Your answer must be the lines of the material below, exactly as written, from its first line through the line with "Annie Top - White - Image 5", and no pictures.
....
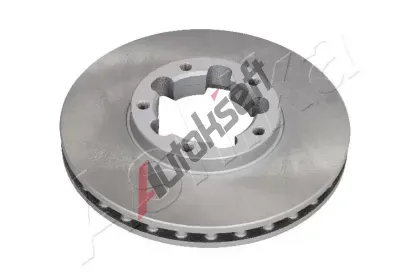 ASHIKA Brzdov kotou - 276 mm ASH 60-01-161C, 60-01-161C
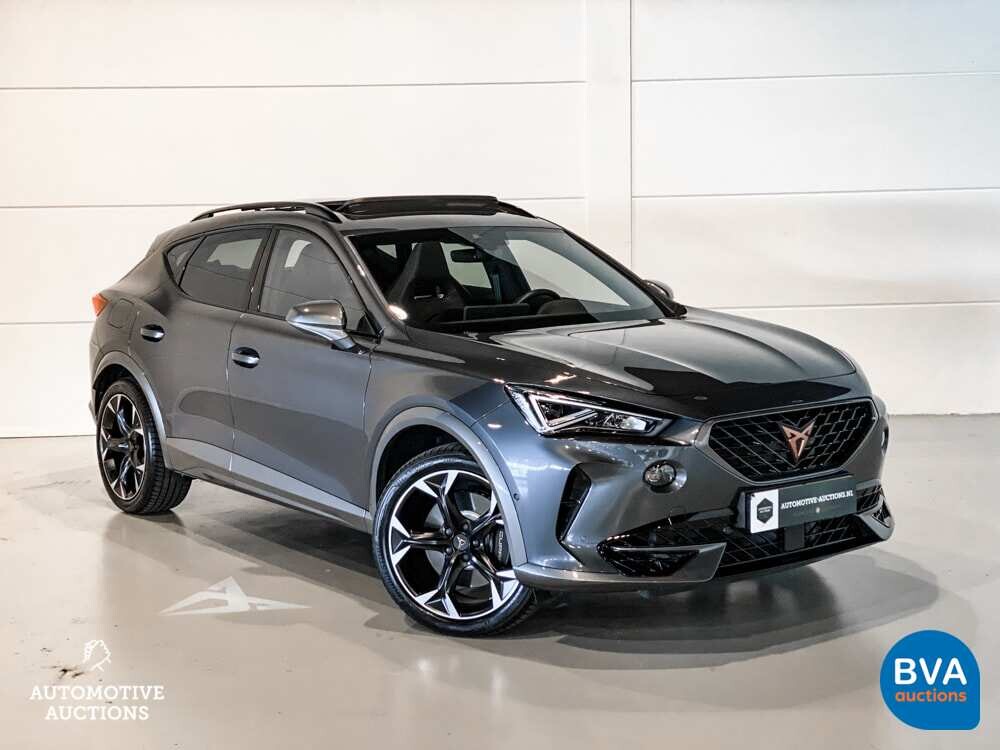 Cupra Formentor 310hp 2.0TSI 4Drive 2021 WARRANTY, N-909-HX.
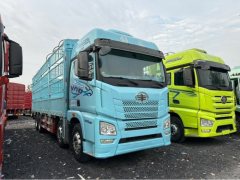 FAW Jiefang JH6 520 hp 8X4 9.5 m - photo 3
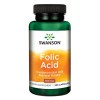 Swanson Folic Acid, 800mcg - 250 caps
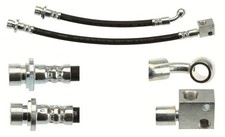 Bremsschlauch Hinten Links für Honda Civic IX FK Viii Hatchback FN 05-12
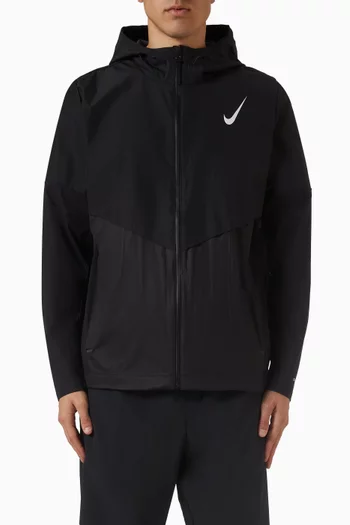 AeroSwift Storm-FIT Aerogami Running Jacket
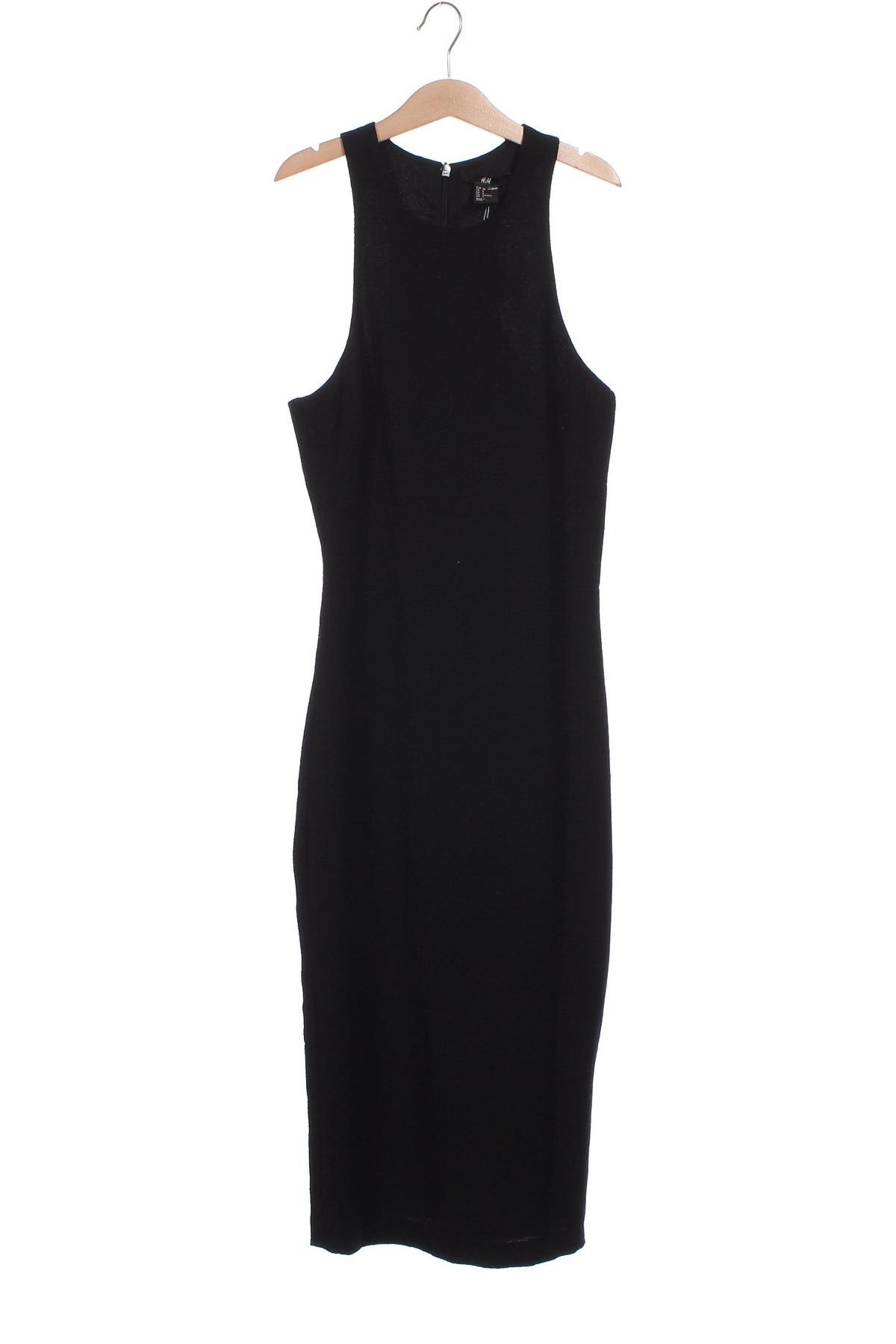 Šaty  H&M, Velikost XS, Barva Černá, Cena  462,00 Kč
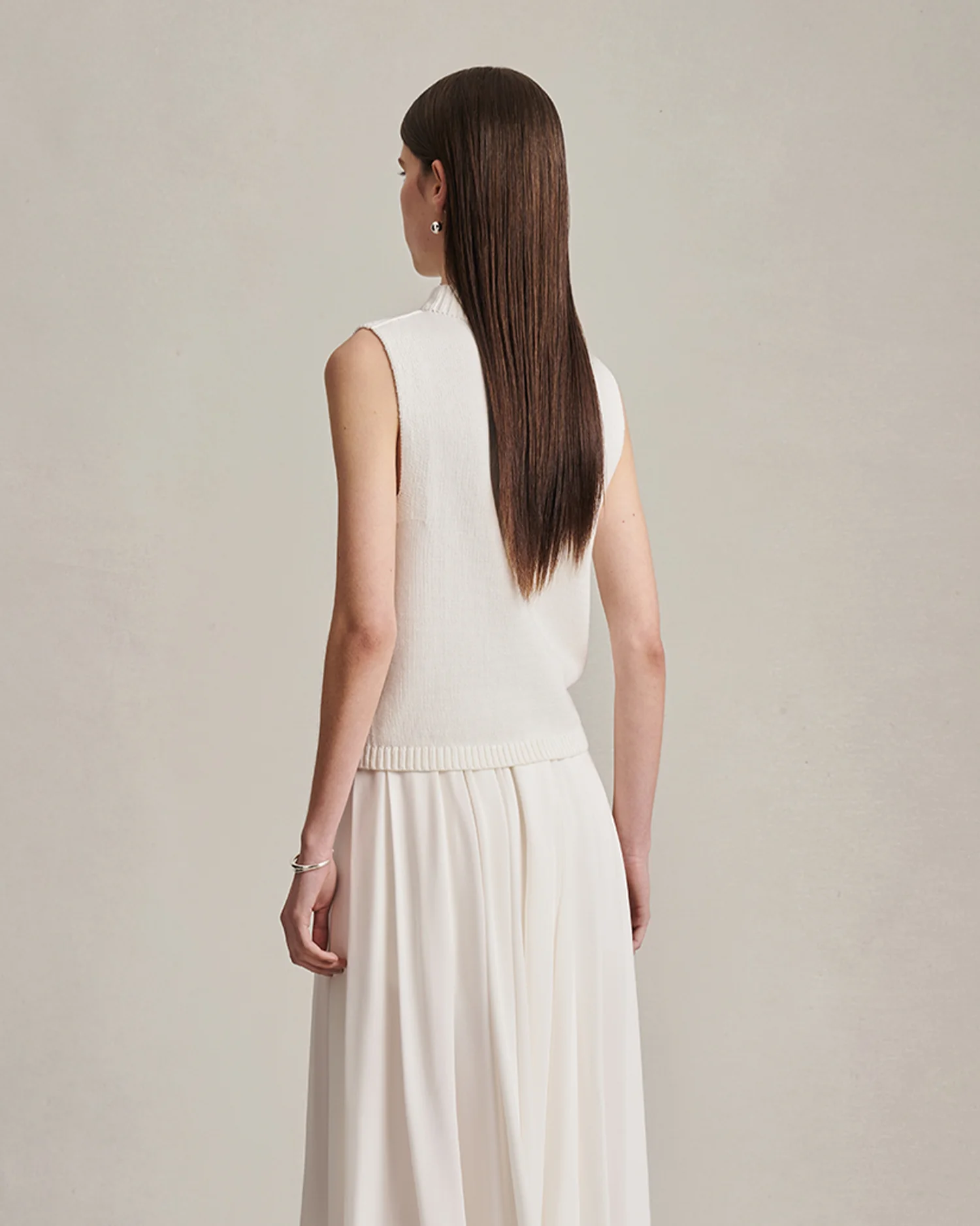 Annie Top - White - Image 5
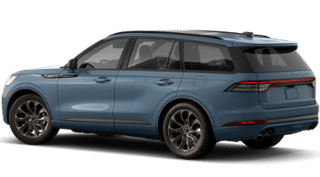 2025 Lincoln Lincoln Aviator External Image 3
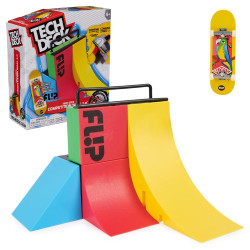 Tech Deck Competition Wall 2.0 X-Connect Skate Park Creator for Fingerboards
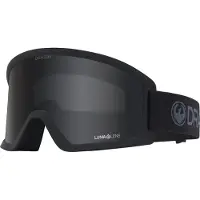 Dragon alliance Dr Dx3 L Otg Ski Goggles Noir Lumalens Dark Smoke/CAT3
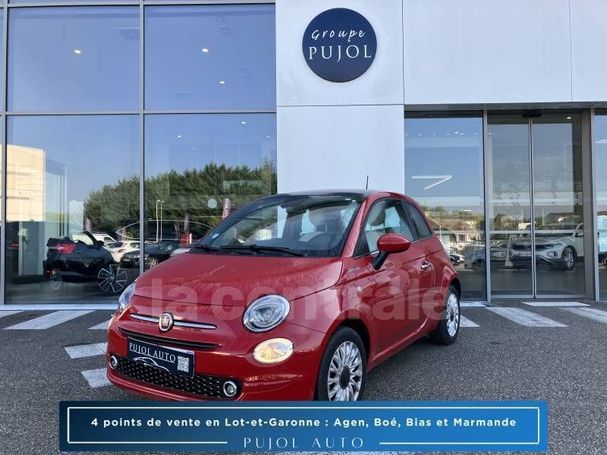 Fiat 500 1.0 51 kW image number 1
....
* [Exercise result]
 ASHIKA Brzdov kotou - 276 mm ASH 60-01-161C, 60-01-161C
 Cupra Formentor 310hp 2.0TSI 4Drive 2021 WARRANTY, N-909-HX.
 FAW Jiefang JH6 520 hp 8X4 9.5 m - photo 3
 Swanson Folic Acid, 800mcg - 250 caps
 Bremsschlauch Hinten Links für Honda Civic IX FK Viii Hatchback FN 05-12
 AeroSwift Storm-FIT Aerogami Running Jacket
 Šaty  H&M, Velikost XS, Barva Černá, Cena  462,00 Kč
 Annie Top - White - Image 5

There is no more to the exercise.